[TO DO] Print nothing except the lines of the listing below from the line with "Living room toward" to the line with "Серый Мицубиси Аутлендер, объемом", each exactly as written, both ends included.

[RECORDS FOR THIS EXERCISE]
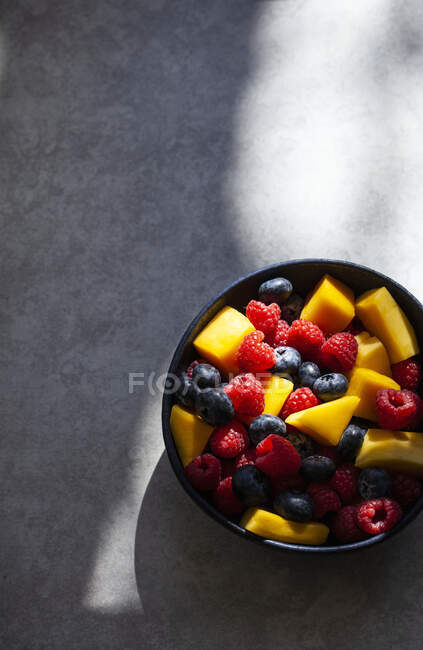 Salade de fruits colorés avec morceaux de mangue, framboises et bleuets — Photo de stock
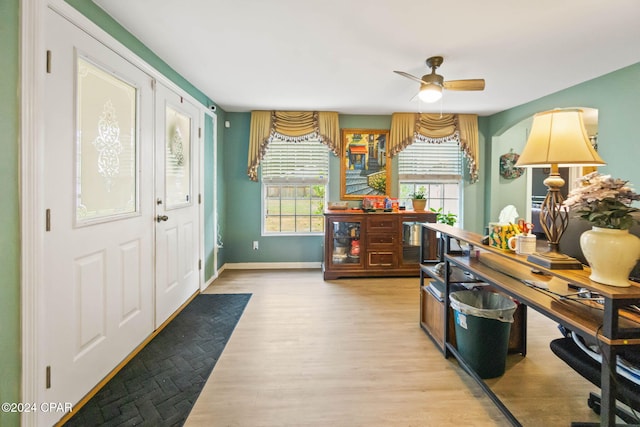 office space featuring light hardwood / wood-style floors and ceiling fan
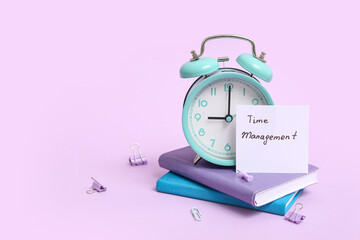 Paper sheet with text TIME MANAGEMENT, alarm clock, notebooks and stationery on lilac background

---

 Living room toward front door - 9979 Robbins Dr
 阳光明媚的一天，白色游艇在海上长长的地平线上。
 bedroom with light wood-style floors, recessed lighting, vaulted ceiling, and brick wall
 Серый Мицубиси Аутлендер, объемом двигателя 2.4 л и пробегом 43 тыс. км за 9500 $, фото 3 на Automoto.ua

==

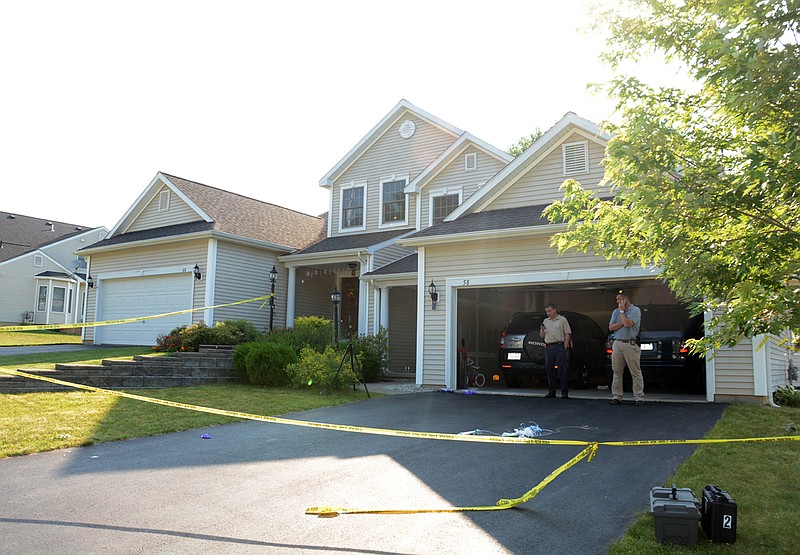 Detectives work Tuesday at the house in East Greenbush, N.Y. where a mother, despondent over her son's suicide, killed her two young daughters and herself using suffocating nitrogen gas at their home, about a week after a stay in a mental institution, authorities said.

[ANSWER TO THE EXERCISE]
 Living room toward front door - 9979 Robbins Dr
 阳光明媚的一天，白色游艇在海上长长的地平线上。
 bedroom with light wood-style floors, recessed lighting, vaulted ceiling, and brick wall
 Серый Мицубиси Аутлендер, объемом двигателя 2.4 л и пробегом 43 тыс. км за 9500 $, фото 3 на Automoto.ua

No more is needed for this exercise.